A stroll along the new recreation trails through Miner Marsh is a chance to spend time in the great outdoors, and a “dream come true” for local Ducks Unlimited volunteers and Kentville’s mayor, Dave Corkum.
One trail follows the river, where DU volunteer Gren Jones spotted a salmon headed upstream.
“So many people tend to dump on the Cornwallis River saying it is an open sewer; it’s not as clean as it could be, but it’s beautiful.”
From farm to marsh
The former farmland was last owned by the Miner Family and, most recently, served as pasture. Ducks Unlimited acquired the land in 1994 and a lengthy process of planning began. Sixteen years later, the pasture is a marsh, similar to what the land next to the Cornwallis River may have been like before the Acadian dykes.
“It was still wetland when it was pasture; there were waterfowl,” says Deanne Meadus, DU’s manager of conservation programs in Atlantic Canada. She says the Miner Marsh project is a good example of not only the “impact agriculture has had” on the land, but on how “fallow fields that aren’t economically viable for agriculture can be made viable for wildlife habitat.”
Jones says the new marshland is important: 90 per cent of Annapolis Valley wetlands have disappeared.
Excavators tackled the fallow fields to make canals, trails and nesting and roosting islands.
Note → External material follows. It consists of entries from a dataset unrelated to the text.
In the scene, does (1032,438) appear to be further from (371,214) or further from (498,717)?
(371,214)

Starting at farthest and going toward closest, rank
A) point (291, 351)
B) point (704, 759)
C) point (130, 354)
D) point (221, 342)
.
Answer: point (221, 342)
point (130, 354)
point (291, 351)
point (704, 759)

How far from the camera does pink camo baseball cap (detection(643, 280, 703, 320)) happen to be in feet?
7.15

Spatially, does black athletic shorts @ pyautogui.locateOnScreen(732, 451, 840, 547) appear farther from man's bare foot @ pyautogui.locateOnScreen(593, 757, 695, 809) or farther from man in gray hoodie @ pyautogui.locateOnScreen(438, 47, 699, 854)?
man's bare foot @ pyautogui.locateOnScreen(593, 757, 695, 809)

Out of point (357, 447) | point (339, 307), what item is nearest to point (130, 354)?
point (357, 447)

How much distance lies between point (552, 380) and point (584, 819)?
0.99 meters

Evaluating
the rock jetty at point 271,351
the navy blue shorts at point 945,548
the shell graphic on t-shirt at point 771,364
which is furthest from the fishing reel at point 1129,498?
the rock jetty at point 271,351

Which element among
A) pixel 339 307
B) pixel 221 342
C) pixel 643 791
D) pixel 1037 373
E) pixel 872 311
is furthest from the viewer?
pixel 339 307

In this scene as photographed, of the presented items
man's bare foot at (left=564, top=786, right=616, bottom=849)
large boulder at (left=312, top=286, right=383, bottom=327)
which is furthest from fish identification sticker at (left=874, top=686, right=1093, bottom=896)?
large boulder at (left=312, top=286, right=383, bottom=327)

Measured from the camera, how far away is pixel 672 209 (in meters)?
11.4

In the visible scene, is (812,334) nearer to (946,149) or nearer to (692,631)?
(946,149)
“We started to upgrade the dyke and do the excavation work and water management structure in late summer and fall 2006,” Meadus says. “It has been an interesting marsh to restore because the land had been manipulated by human impact for hundreds of years.”
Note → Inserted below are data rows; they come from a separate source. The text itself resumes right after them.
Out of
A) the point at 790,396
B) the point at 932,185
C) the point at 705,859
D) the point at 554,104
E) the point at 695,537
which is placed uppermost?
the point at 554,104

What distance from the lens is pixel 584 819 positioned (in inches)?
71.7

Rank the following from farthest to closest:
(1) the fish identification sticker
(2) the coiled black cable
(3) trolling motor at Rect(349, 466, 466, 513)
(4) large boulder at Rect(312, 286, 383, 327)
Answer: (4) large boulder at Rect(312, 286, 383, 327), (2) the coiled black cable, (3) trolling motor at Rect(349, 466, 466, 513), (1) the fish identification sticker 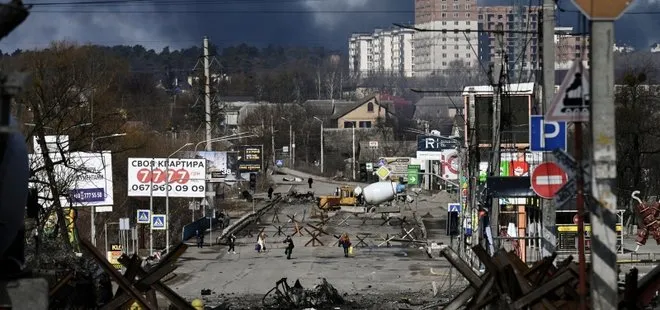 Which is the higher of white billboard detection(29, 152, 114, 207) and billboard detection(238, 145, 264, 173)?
white billboard detection(29, 152, 114, 207)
All the new plants are courtesy of Mother Nature, Meadus points out: “we build it and let it do its thing.” The rapid naturalization of the former pasture is “indicative of the soil structure and fertility of farmland for restoring back to wetland,” she adds.
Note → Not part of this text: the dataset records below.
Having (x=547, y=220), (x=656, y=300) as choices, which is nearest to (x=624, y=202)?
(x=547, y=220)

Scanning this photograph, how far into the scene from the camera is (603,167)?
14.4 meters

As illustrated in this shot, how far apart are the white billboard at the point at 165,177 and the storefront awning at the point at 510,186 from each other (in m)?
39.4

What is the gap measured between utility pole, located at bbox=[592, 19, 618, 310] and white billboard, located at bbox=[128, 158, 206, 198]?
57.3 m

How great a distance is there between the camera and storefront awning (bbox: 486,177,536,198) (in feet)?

“Vegetation and invertebrates respond quickly. Seeds can be viable in the soil for hundreds of years - they are just waiting for the right environment.”
A unique park
Finally, visitors can have a close-up view of the project. A bridge over the Cornwallis River was lifted onto its footings June 21, bringing the marsh within a few steps of downtown. The footbridge can be found just behind the County of Kings building on Cornwallis St.
A number of DU volunteers, town councillors and employees were among the onlookers for the bridge lift. Jones and Corkum were quick to thank DU volunteers, the parks and recreation department, Rotary Club of Kentville, Michelin, Howard Little excavating and other donors of time and money.
There’s more to the dream. Nesting boxes for wood ducks, along with amenities for human visitors - interpretative signage, benches and garbage cans - are planned, along with a grand opening later this summer.
Parks and recreation director Mark Phillips says Kentville and DU are working on a land management agreement: Kentville will manage the trails, while DU manages the habitat.
Visiting the marsh • Don’t litter • Dogs must be leashed • Stay out of the water • Don’t feed the ducks!
The bridge itself is designed to resist floodwaters and vandals, and a belt of cement blocks along the bank will prevent erosion and protect the abutments. A series of gravel trails lead around and through the marsh.
“When you step off the bridge, it is going to be quite dramatic,” Meadus says.
“This is meant for everybody” Jones adds, expressing his hope visitors of the winged and walking variety will all flock to Miner Marsh.
“I just want people to enjoy it.”
All about DU
A national, non-profit organization, Ducks Unlimited was founded in 1938 by a group of people alarmed by the loss of waterfowl habitat in Canada during the Dust Bowl era.
It is now Canada’s largest conservation organization, dedicated not only to habitat preservation but also to research and education on wetlands. Project Webfoot is presented to elementary school children in partnership with other organizations, including Friends of the Cornwallis River locally, each year.
DU has a strong hunting connection, but there is room to “harvest” waterfowl within conservation strategies, as populations number in the millions and only a tiny percentage is killed by hunters.
Volunteers from all walks of life who share an interest in wetlands founded the Valley chapter in 1983. The Valley DU chapter organizes fundraisers, including an annual dinner and auction each spring. The April 2010 dinner raised more than $25,000. Funds raised in Atlantic Canada stay in the region.